How we maintain 99.5% guaranteed uptime
At the heart of the Software-as-a-Service (SaaS) business model is the understanding that the service will always be available when needed. In our 24×7 flattened world, that pretty much means all the time.
While we strive to ensure that our client’s customers will enjoy 24x7x365 availability, in reality, there are too many moving parts involved in order to commit to that Service Level Agreement (SLA) affordably. Besides, we’re not operating a heart lung machine where lives are at stake 🙂 Nevertheless, we do aim to do our best, and at the very least, we do promise our clients a 99.5% monthly availability…which translates to no more than 3.60 unavailable hours per month.
Almost a year and a half ago, I instituted daily operational stand-up meetings that (amongst other things) are dedicated to monitoring our data center and application performance daily. I did this because while much of our operations are automated, human beings are still needed to provide oversight and to design and institute process improvements as warranted. That seems to have worked out well for us. Although, because we weren’t keeping track of our cumulative available hours, we really didn’t know how well…until now!

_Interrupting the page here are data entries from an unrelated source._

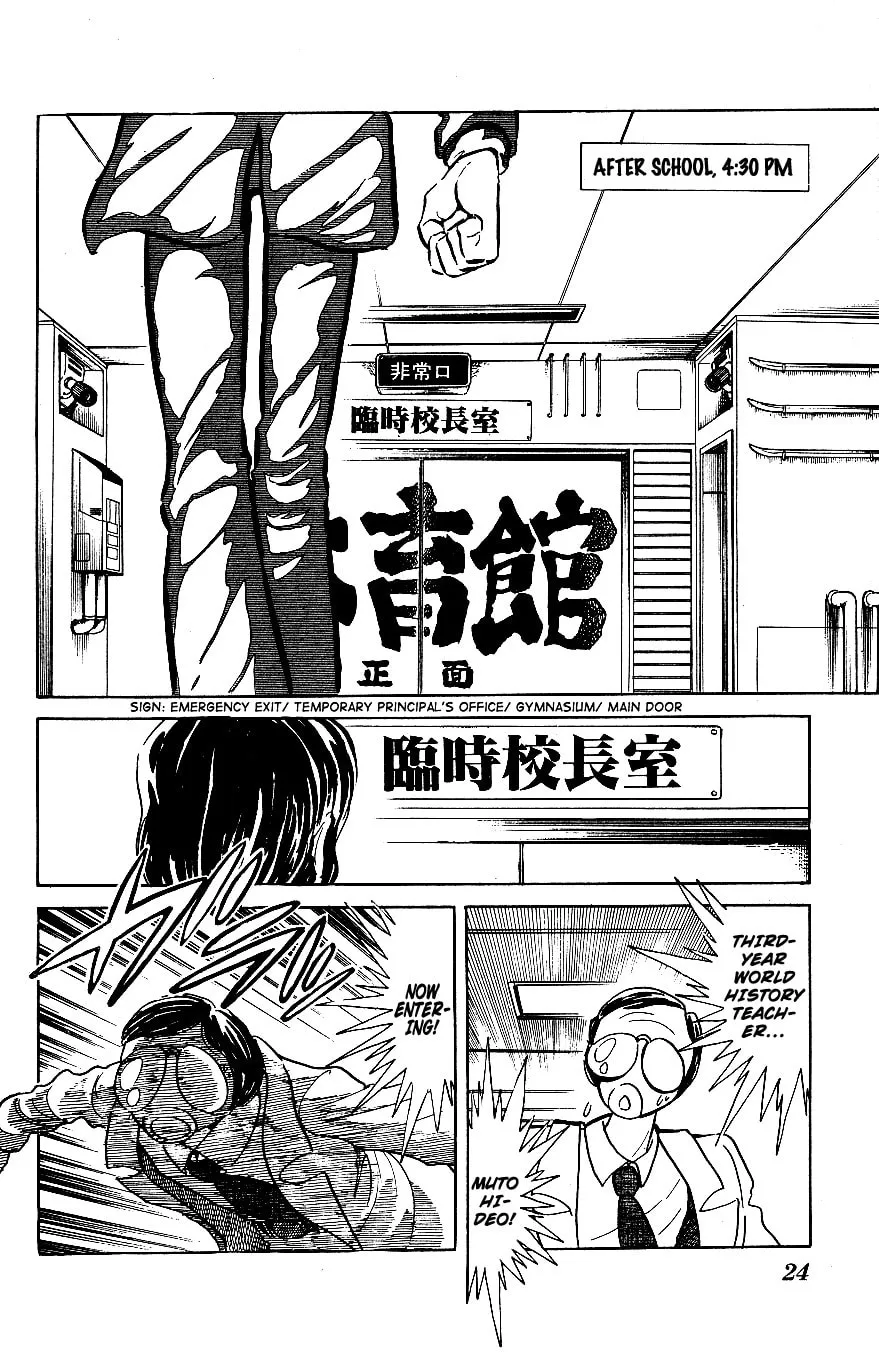 Read Honoo no Tenkousei chapter 42 image 1 on Lezhin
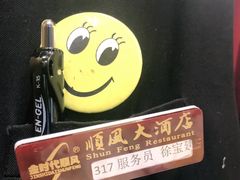 -顺风海鲜港(金玉兰店)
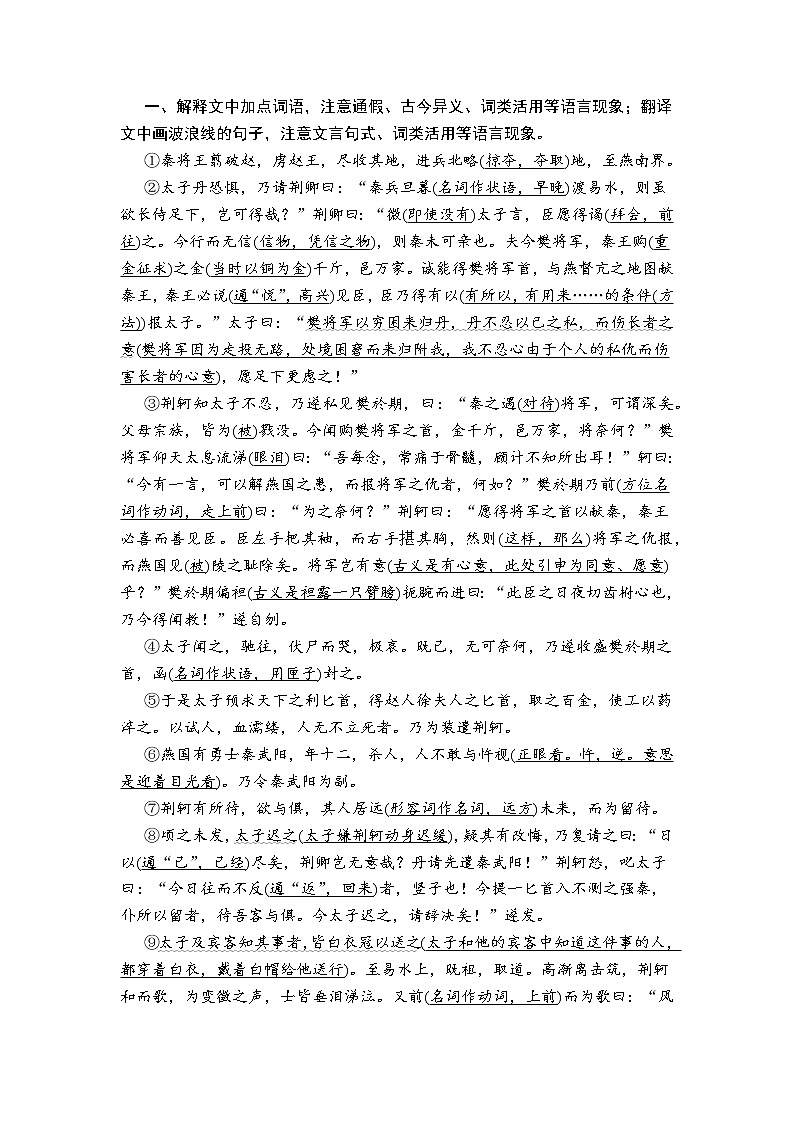 高考语文复习----课内文言文重点篇目检测 教师版（共66页） (1)第3页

Starting this month, at the beginning of every month, we’re going to publish our Availability statistics. Along with the data, we’ll also offer any color commentary that appears appropriate for that month’s data. This month I’ll start with posting our first set of numbers (retroactive to the beginning of this year) and explain some of the terms used. There are four things of note in this chart.
The first one is a horizontal blue line that denotes our SLA target. That’s the 99.5% line. The red and blue bar charts should never dip below this line…or I’m sure I’ll be getting a few phone calls.
As for the red and blue bar charts, they separately measure the availability of the infrastructure of our data center (System) and the appropriate behavior of our service itself (Application).
The System Availability (red bar) measures things like: our application servers, web servers, databases, firewalls, routers, virtual private networks, etc. The Application Availability (blue bar) measures the successful behavior of the application including: catastrophic errors caused by our application, SAP unavailability (not usually in b2b2dot0’s control) etc.
While users of our website couldn’t care less about why the website was unavailable to them, we measure both types of availability because it guides our investments to ensure our SLA. Regardless, and in all cases, when the service is down…unexpectedly or for maintenance, we post appropriate messages to the website’s visitors.
Incidently, we interrogate our infrastructure every 10 seconds of every minute of every hour of every day!
The last data series, RFC Transactions (green line chart), is meant to be a measure of the overall “meaningful usage” of our service, and whether or not that load is varying from month to month. The green line will trend upward when either new users are registered to the service, those users are using the website more frequently, or both.
An RFC (remote function call) is the primary programmatic mechanism by which our service communicates with SAP. Maintaining a steady Availability SLA, in the face of a growing RFC load, is a testament to the scalability of our infrastructure.
Overall Analysis of our Performance for the First 4 Months of 2010
- System usage climbed steadily for the first 3 months due to an increase in registered usage.
- Lowest Availability (Application) was 99.62% in March that was caused by a client VPN failure rendering SAP unavailable.
- On average, Application Availability was 99.83%, which represents about 1 hour of down time across all of our 9000 registered users for the month.
- System Availability was consistently above 99.9% which represents less than 43 minutes of unavailability per month for end users. In actuality, System Availability is close to 99.99% which represents less than 4.3 minutes unavailability per month.
All in all, I’d say that our data center is performing wonderfully. While we are constantly delivering greater than expected availability to the end-user, we’ve learned that our Achilles Heel is ensuring connectivity to a high performing SAP system. The good news is that we’ve instituted an early warning system that we use to tip off our clients when/if their SAP system is experiencing any connectivity or performance challenges. I guess you could say we’re the canary in their mine 🙂
I’m very proud of the investments that we’ve made in our data center’s infrastructure, tools and procedures. Thanks to them, our clients can all sleep well at night. Starting today, we can visualize just how well they can sleep!